In theory, it is a wonderful idea. In practice, previous attempts by developing countries have been wrought with difficulties. The Latin American Free Trade Area (Mexico and all of South America), the Central American Common Market, Caribbean treaties, and an East African Community (of Kenya, Tanzania, and Uganda) all failed. Mercosur one of the few successful cases (so far) since these failures. Trade as expanded greatly, due in part to its liberalization programs.

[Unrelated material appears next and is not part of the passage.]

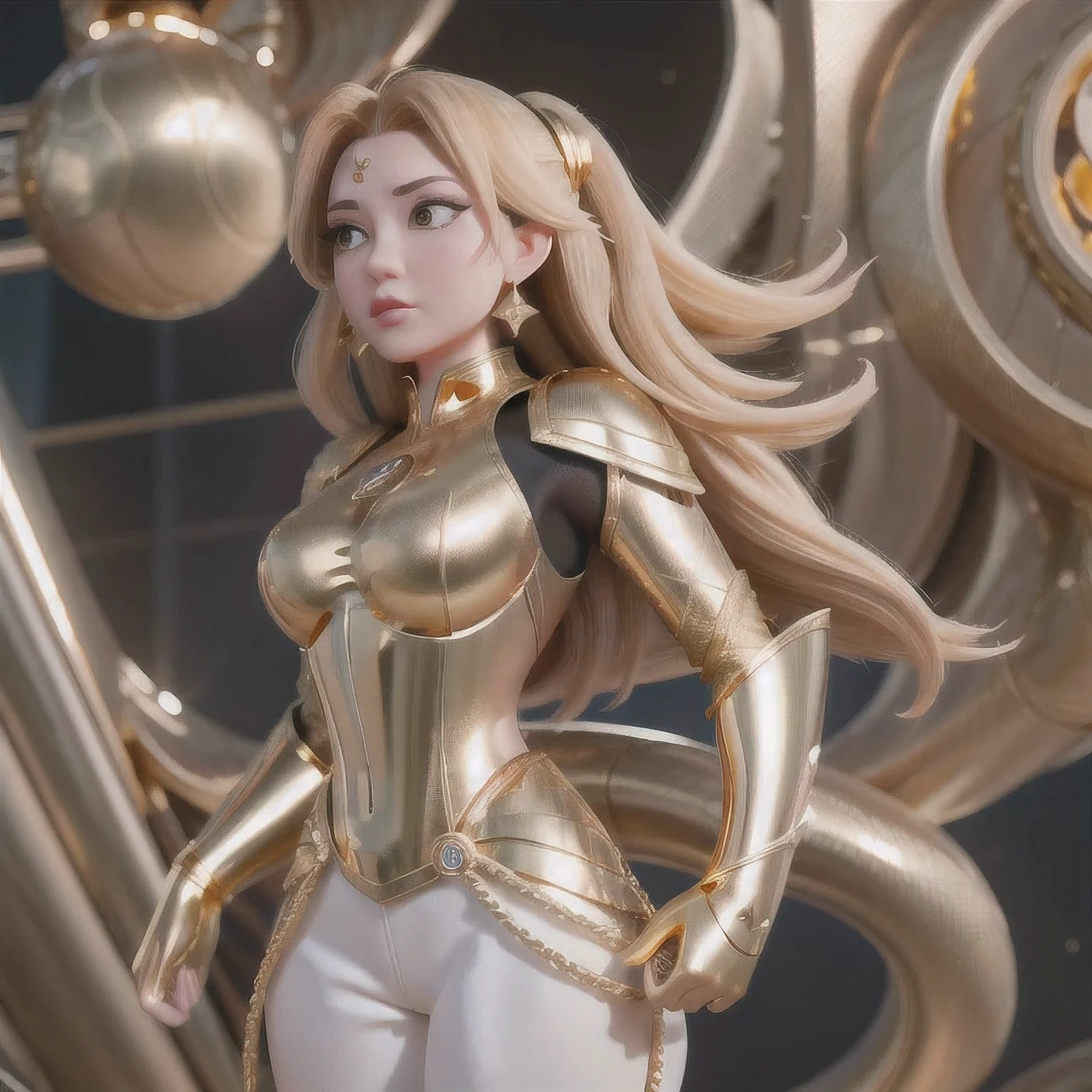 arafed woman in a gold space suit posing for a picture, gold sci - fi armour, golden armor, cinematic goddess body shot, gold heavy armor. dramatic, body golden armor, gold body, sleek gold armor, gold armor, golden armour, angelic golden armor, elegant gold body, artgerm julie bell beeple, golden armor with diamonds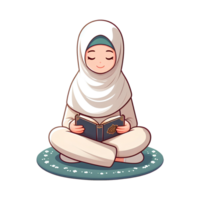 AI generated muslim woman is reading the quran during ramadan, in cartoon style png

Liberalization is a process in which a country lowers import duties, such as tariffs, so that it is cheaper for a country to export, and conversely import goods. The large Mercosur countries, Argentina and Brazil, have agreed to reduce import duties by 50% in 1997, 75% in 1998, and completely eliminate all duties by 1999. For Paraguay and Uruguay, they will reduce their duties similarly, but they are allowed a year longer. Yet, some products are exempt from these reductions. Each country is allowed a "list" of 300 products which they can temporarily exempt from tariff reductions.
Quotas, a non tariff trade impediment, are handled dissimilarly in Mercosur. Each country can unilaterally decide to raise quotas, or keep them at their original levels. Other non tariff barriers, classified by each country as anything financial, administrative, or related to currency exchange that impedes the flow of goods and services, were listed and eliminated by the countries in 1994.
As far as labor migration is concerned, Mercosur is currently assessing the viability of creating a single document for Mercosur citizens to be able to use for travel within Mercosur countries. Currently, a valid passport or state issued identification card is all that is needed for migration.
Several Mercosur countries have areas called "free trade zones," or "export processing zones." These areas are places where goods produced inside them have traditionally been exempt from trade barriers to other countries. With Mercosur, these areas are treated as if goods produced there were produced outside of the country. Products made in these free trade areas that are imported to Mercosur are subject to the Common External Tariff.
The Mercosur countries have agreed to coordinate their national macroeconomic policies to encourage equal competition between sectors. Policies on foriegn trade, agriculture, fiscal and monetary decisions, foriegn exchange and capital, services, customs, transport and communications must be agreed upon and shared equally between the countries.